__What needs to be done__
Would you write out the full listing exactly, without any pictures?

Data extract section start

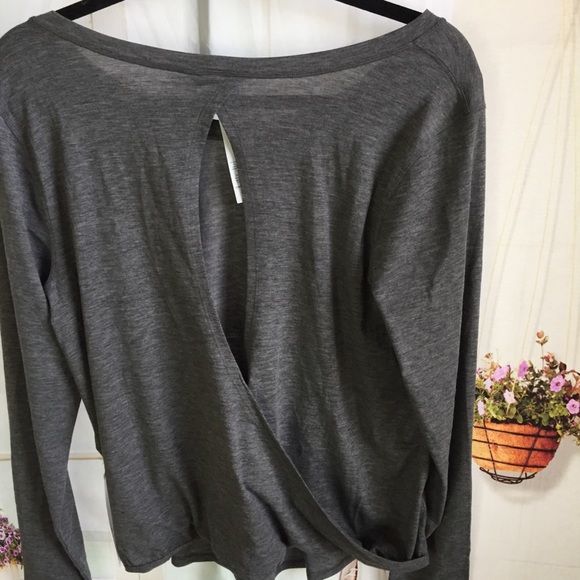 NWT HBLK LULULEMON WILD TWIST LONG SLEEVE - - 10 - Picture 4 of 6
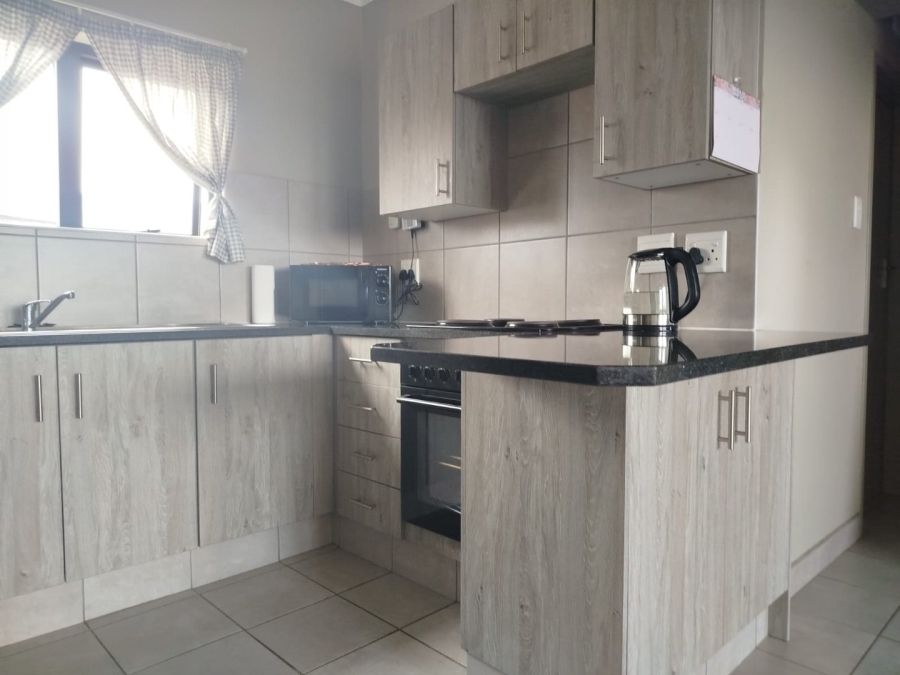 2 Bedroom Property for Sale in La Montagne Gauteng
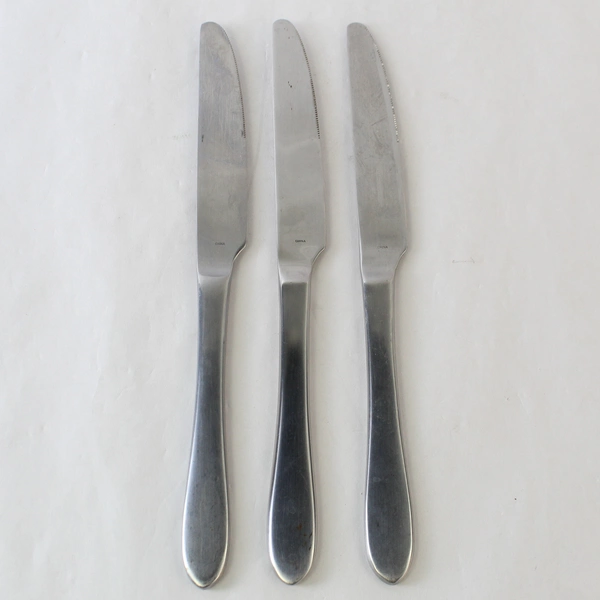 Set of 3 Robert Welch Meridian 18/10 Stainless Steel Serrated Dinner Knives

Data extract section end

__Exercise response__
 NWT HBLK LULULEMON WILD TWIST LONG SLEEVE - - 10 - Picture 4 of 6
 2 Bedroom Property for Sale in La Montagne Gauteng
 Set of 3 Robert Welch Meridian 18/10 Stainless Steel Serrated Dinner Knives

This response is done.